Lake Koronis Gets Legislative help to Fight Starry Stonewart
PAYNESVILLE -- Last summer, the aquatic invasive species Starry Stonewart was found in Paynesville's Lake Koronis. It's the first known infestation of Starry Stonewart in Minnesota. The Legislature took notice and passed a bill this session allocating $200,000 to help fight the weedy invader.
Heidi Wolf is the Invasive Species Unit Supervisor for the Department of Natural Resources. She says about 250 acres of the 3,000-acre lake is currently infested.
Starry Stonewart is a macro algae and is not a rooted plant. Wolf says it competes with the native plants much like Eurasian Watermilfoil and can suffocate the lake's ecology. Starry Stonewart can create large floating mats of weeds making it difficult to use the lake for recreation and limit other uses.

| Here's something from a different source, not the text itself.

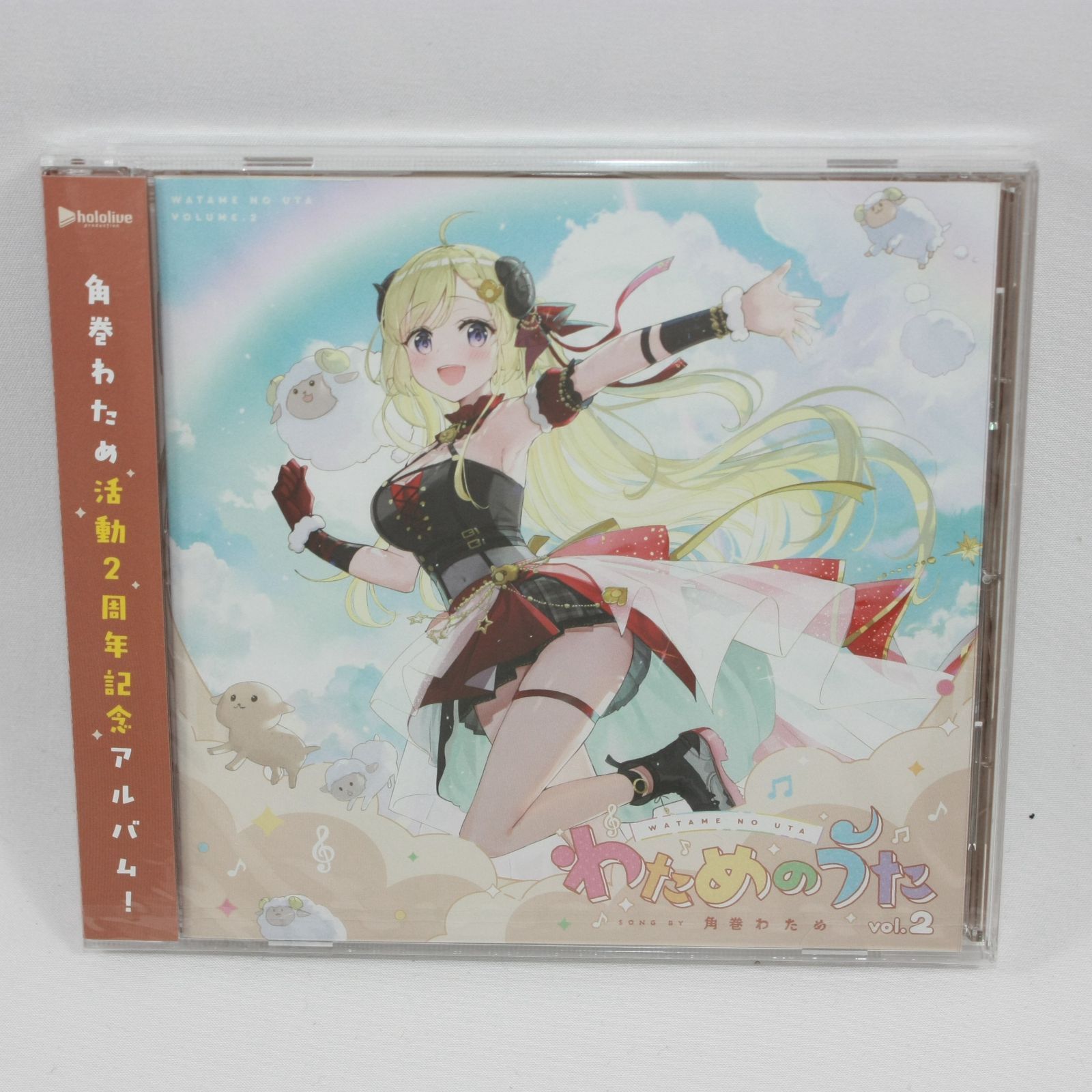 1378・角巻わため わためのうた vol.2 CD シュリンク付き 未開封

Wolf says the problem is that there is not much research and data on Starry Stonewart and there aren't good management techniques developed yet.
Wolf says aquatic invasive species experts from around the country will gather at the Minnesota Invasive Species Center at the U-of-M this summer to study the non-native plant.
In the meantime, the funding allocated by the state legislature will be used to try to treat the lake itself. The money will be used toward a matching grant from the Initiative Foundation to help fund the operation.
Governor Dayton must first sign the supplemental budget bill before the money can be released.